The USC Trojans won the 2004 national championship (yeah, I know they got stripped of the title but they still won the game) and played in the 2006 Rose Bowl for the 2005 season’s BCS national championship. That clash with Texas was one of the best games I’ve ever seen. In 2006, the Trojans appeared headed to yet another national championship game: They were 10-1 and had just beaten three straight ranked opponents.
The No. 2-ranked Trojans played UCLA in the Rose Bowl stadium with everything on the line for the men of Troy.
The UCLA Bruins had struggled for much of 2006. They came into the game with a 6-5 record but had endured a four-game losing streak in which they lost to three ranked teams (Notre Dame, Oregon and Cal) and also fell to Washington State.
The Trojans came into the game as a 26-point favorite and seemed like they were simply in a different class. This was supposed to be an easy one for the Trojans.
Let’s not forget that USC had won seven straight games in this rivalry. When a team beats you three or four straight times… that gets in your head. When somebody beats you seven straight times, we are getting into “boogeyman” territory. To say that nobody on this UCLA team knew what it felt like to beat USC would be an understatement.

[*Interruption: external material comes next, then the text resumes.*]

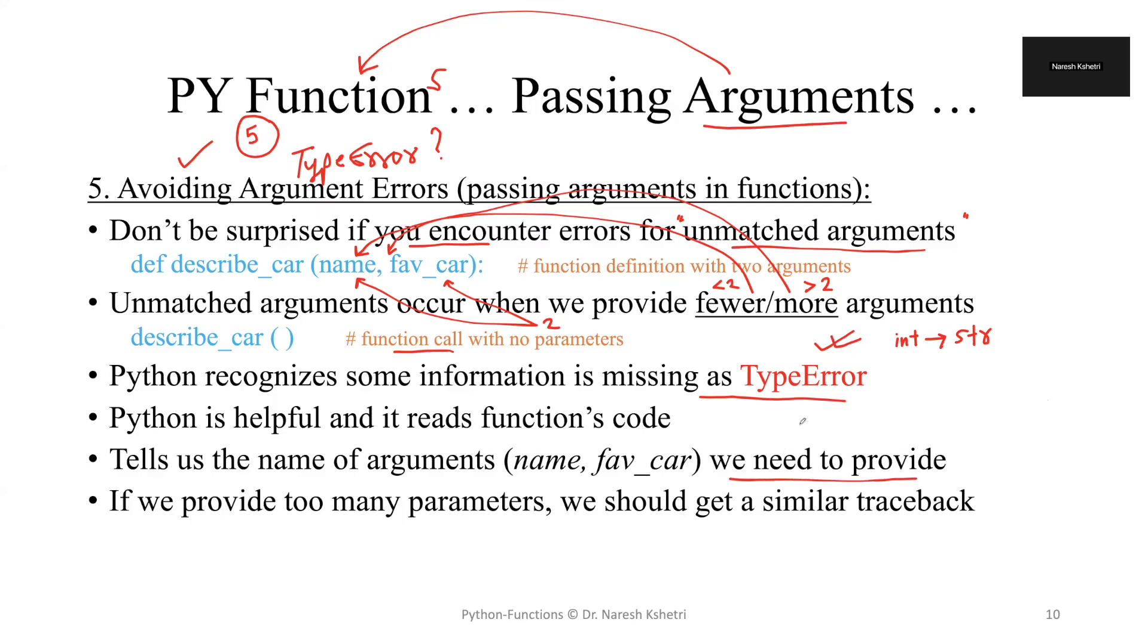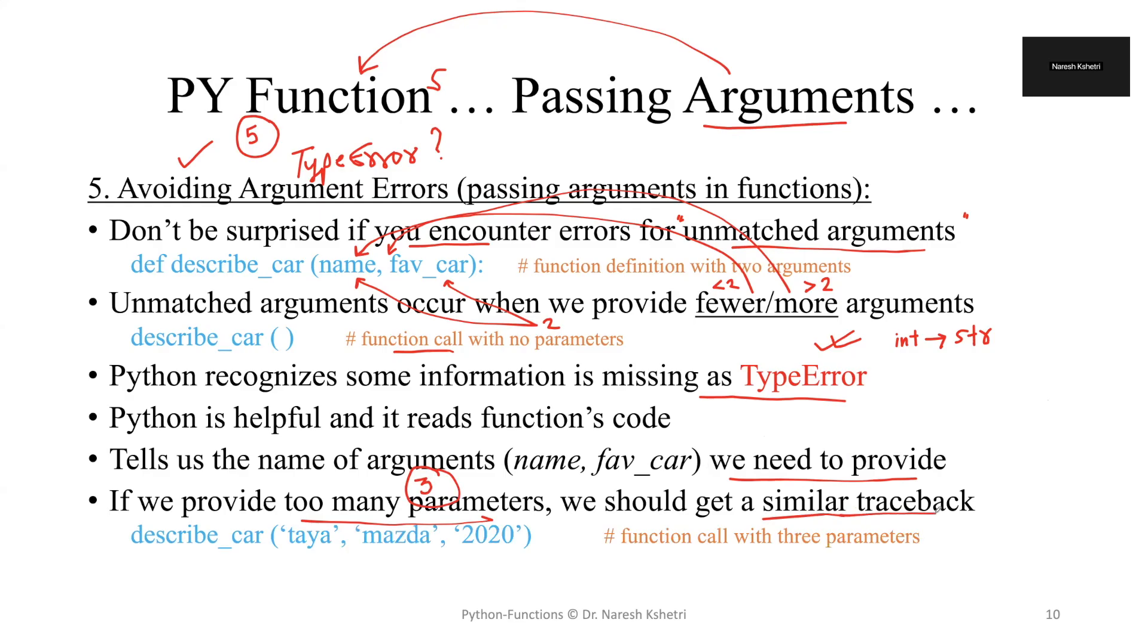We will see exactly in the program implementation here, but for now just understand if there are too many parameters - as I said, say for example if we have three parameters but only need two - then we should also get a similar traceback or error mechanism like this.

The previous year, the Trojans put 66 on the Bruins defense. SIXTY SIX!
So what happened on December 2, 2006? Take a look:
USC looked like it was headed for a last-minute comeback when UCLA’s Eric McNeal stole the show:
This game is important not just in the scheme of the UCLA-USC rivalry, but as an important lesson to learn with rivalry week on its way. Next week, teams such as Alabama, Oregon, Florida State and Ohio State will go into their rivalry games as big favorites. As this game shows, they need to keep an eye on the past or they might just look past a game they think is in the bag, and lose out on the chance of a lifetime.